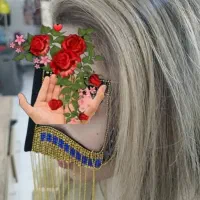 آموزشگاه آرایشگری ستیا بانوان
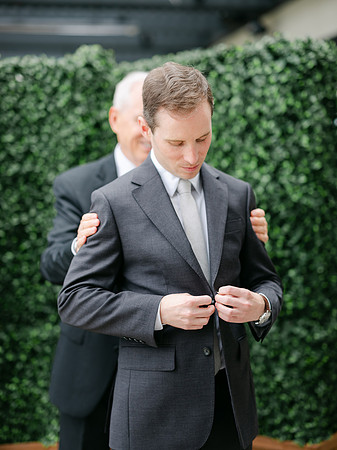 CRYSTAL AND JOHN SUMMIT HOUSE WEDDING 2023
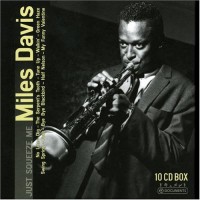 Purchase Miles Davis - Just Squeeze Me CD8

::::::::

### [Task objective]
In the copy, keep every line of the data above exactly and drop each picture.

### [Output of the task]
 آموزشگاه آرایشگری ستیا بانوان
 CRYSTAL AND JOHN SUMMIT HOUSE WEDDING 2023
 Purchase Miles Davis - Just Squeeze Me CD8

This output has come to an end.